Abstract: This paper briefly introduces the principles of Raft protocol and some practical engineering experience on how to use Raft to replicate storage nodes.

1, the introduction

In the engineering practice of Huawei distributed database, we implemented a distributed database system prototype with computing and storage separation and replication of the underlying storage based on Raft protocol. Below is a diagram of its architecture.

The logs generated by the compute node are encapsulated and sent to the storage node over the network. After agreement is reached at the Raft layer, the logs are applied to the Wal Engine of the state machine to perform log playback and data storage and management.

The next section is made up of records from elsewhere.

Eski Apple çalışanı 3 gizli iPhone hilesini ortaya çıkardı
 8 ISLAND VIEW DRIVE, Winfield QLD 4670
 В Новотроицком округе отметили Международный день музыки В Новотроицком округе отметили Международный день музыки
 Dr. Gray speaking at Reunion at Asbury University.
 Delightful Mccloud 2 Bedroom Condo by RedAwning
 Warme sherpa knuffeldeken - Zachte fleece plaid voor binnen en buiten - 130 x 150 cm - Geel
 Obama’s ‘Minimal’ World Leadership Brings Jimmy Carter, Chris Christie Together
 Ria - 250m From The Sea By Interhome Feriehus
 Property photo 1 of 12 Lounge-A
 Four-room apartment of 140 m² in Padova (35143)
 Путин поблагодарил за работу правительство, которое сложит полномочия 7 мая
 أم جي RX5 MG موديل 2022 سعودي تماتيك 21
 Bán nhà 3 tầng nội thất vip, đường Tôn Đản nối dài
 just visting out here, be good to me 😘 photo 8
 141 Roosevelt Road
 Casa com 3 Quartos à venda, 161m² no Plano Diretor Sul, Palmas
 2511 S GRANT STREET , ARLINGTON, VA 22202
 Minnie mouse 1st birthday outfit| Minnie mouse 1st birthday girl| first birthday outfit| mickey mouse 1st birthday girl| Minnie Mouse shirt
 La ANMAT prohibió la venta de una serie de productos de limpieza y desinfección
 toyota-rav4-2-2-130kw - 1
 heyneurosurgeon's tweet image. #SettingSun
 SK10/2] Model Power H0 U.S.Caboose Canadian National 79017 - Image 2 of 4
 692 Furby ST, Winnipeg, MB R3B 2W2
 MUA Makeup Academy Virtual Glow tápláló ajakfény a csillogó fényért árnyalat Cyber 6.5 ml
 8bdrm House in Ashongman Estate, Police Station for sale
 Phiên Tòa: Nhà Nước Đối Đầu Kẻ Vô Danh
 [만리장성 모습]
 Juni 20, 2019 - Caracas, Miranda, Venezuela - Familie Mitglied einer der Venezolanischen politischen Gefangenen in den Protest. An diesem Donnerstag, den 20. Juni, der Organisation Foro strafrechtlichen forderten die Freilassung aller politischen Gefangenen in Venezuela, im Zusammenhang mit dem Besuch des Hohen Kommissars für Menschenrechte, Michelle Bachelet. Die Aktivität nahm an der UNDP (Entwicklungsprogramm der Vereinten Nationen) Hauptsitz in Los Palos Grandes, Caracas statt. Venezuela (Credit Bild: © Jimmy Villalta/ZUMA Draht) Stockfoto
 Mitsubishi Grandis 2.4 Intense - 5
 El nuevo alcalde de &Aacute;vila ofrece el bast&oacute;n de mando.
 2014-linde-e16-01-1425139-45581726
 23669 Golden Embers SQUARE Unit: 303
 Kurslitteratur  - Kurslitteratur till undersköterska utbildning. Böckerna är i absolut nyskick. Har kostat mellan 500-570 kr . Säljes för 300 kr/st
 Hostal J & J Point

Here’s a brief introduction to the principles of Raft and some engineering practices on how to use Pinetree for replication.

2. Raft principles

2.1 Basic principles of Raft

Raft algorithm everything is subject to the leader to achieve consensus of a set of values and log consistency of each node. I’ll focus on Leader election, log replication, and member changes for the Raft protocol.

Raft’s election mechanic:

The protocol defines three states for each node: Leader, Candidate, and Follower. Time is defined as Term, and each Term has an ID. Term is similar to a logical clock. A Leader is elected at each Term.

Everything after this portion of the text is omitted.